Here’s what I could tell you; that my job entails the reading of hundreds of blog posts and articles online every day, and all day Monday I read about the Steubenville rape case. All day. By Monday night I felt like my brain weighed a million pounds and I considered never going online again. Then I remembered that this story would have never been told if it weren’t for a blogger who fell into the roll of investigative journalist. Bloggers rule. I think I’ll stick around.

I could tell you that we spent hours worrying about our nephew yesterday when we found out his Marine unit was involved in a deadly accident in Nevada. We were not one of the families devastated by news that their Marine was killed. Ours is alive, but he will have to deal with the pain of losing his good friends.

Shamelessly stolen from his Facebook photos. I don’t care. I only care that he is alive.

Of course, if I told you about all of that, I’d have to mention that the torture of not knowing whether he was okay took me back to August, 2005 when we waited for word on another nephew who was stationed in Iraq. He, too, is still alive, but he lost even more friends.

I could tell you how I feel guilty for not being a better aunt to them. I should have sent letters and care packages, and I should tell them that we pray for them every day, that we love them, and that I understand what has happened to them means they will never be the same again. Ever. It makes my heart hurt.

I might say that I’ve been worried about my cancer-surviving sister doing well as she reenters the workforce, that I have no idea how we’re going to pay for private school tuition, and that I fell HARD off the juice-fast wagon. I blame the leprechaun.

I could mention that the first day of spring is really just another day of winter, that my husband has lost his ever-loving mind because he’s considering the purchase of a puppy, and that I don’t want to live in my house right now because it’s such a mess.

Or, I could just show you this magazine insert that my son was using as a bookmark until he told me it was “distracting” him.

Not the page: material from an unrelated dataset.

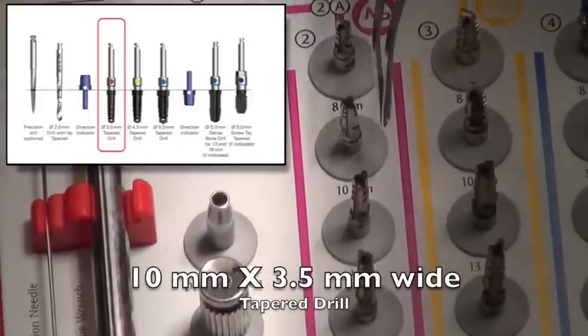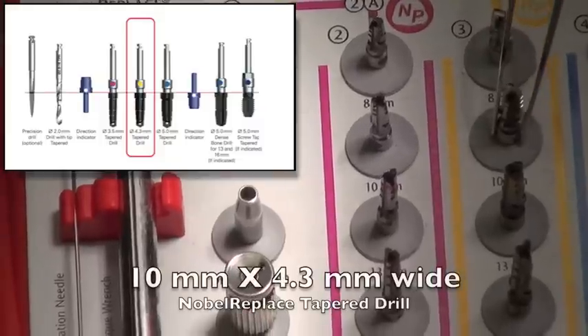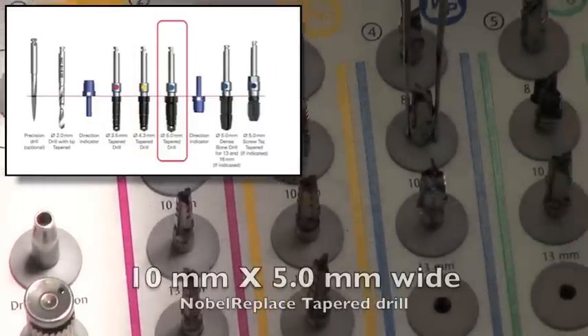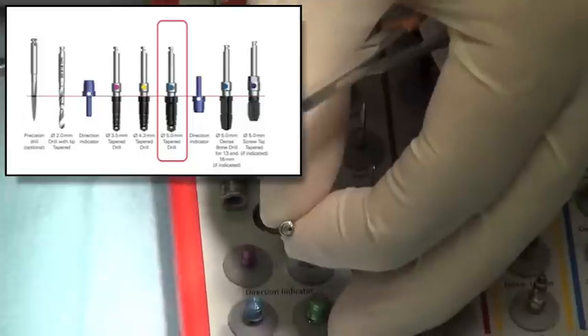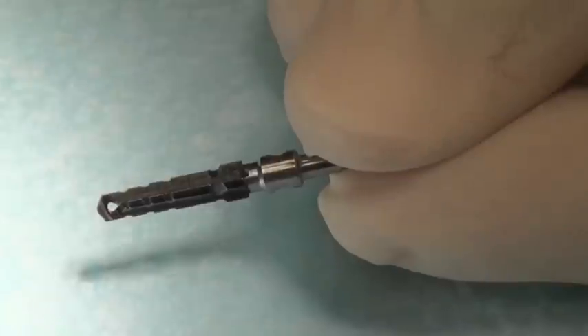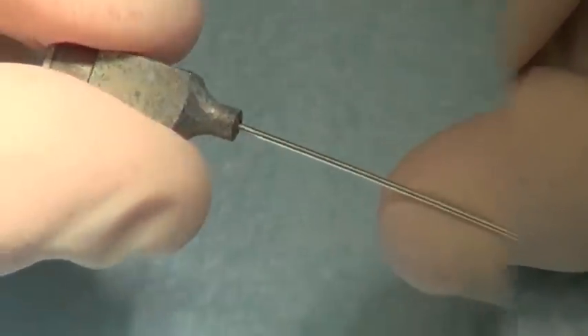We're going to then start with the tapered drill. So we start with a 3.5mm, in this case a 10mm long, and we go sideways to the 4.3mm by 10mm long, then the 5mm by 10mm long implant drill. You can see inside the drill it has a hole in the end of it, which allows for a dual type of water cooling system.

Clearly, he still like arms.

My 10-Day Juice Fast

posted by Momo Fali on March 12, 2013

Since the 60-day Fitness Challenge has ended, I’ve decided that I need a new goal. Sure, I have a 5K coming up, but that’s not until September. According to my trainer, I should be able to run a 10K by then. Though, this is the same guy who thinks it’s perfectly normal for people to be in pain so severe they can’t straighten their arms.

We know I can do the vegan thing. It’s been over a year that I removed animal products from my diet in order to lower my cholesterol without meds.

I’ve been told the next step in my journey to good health (and pretty much the sole reason why I haven’t lost much weight) is giving up wheat. This won’t be easy for me. And, to be clear, removing beer from my diet is not on the table. I’m talking about cereal, bread, tortillas, but not beer. M’kay?

In addition, I’m bored with what I’ve been able to do with fruits and vegetables. It’s time to mix things up, so to speak.

Some people are going to think I’m crazy, and by “some people” I am specifically referring to my husband. But, this juice machine is going to be my new best friend.

If my friends and family think I’m a pain in the butt because I’m a vegan, just wait until I tell them that I’m drinking nothing but juice for the next 10 days! Oh, and water. And, coffee. And, beer. But, other than that…just juice! *cue jazz hands*

The idea behind this challenge is to make sure I’m getting the nutrients I need by infusing my dietary intake with new flavors and combinations and do it at the same time that I’m trying to give up wheat. Maybe I won’t miss it as much that way.

After 10 days, I will continue to drink juice and slowly add in beans, rice, nuts, and oats.

This morning’s breakfast was delicious! Red pepper, carrots, lemon, and grapefruit. Those gritty things at the top of the glass are chia seeds which I added for protein. Sprouted green hair coming out of my head will just be a bonus.

So, wish me luck! I’m going to need it once my husband finds out that I bought a juicer!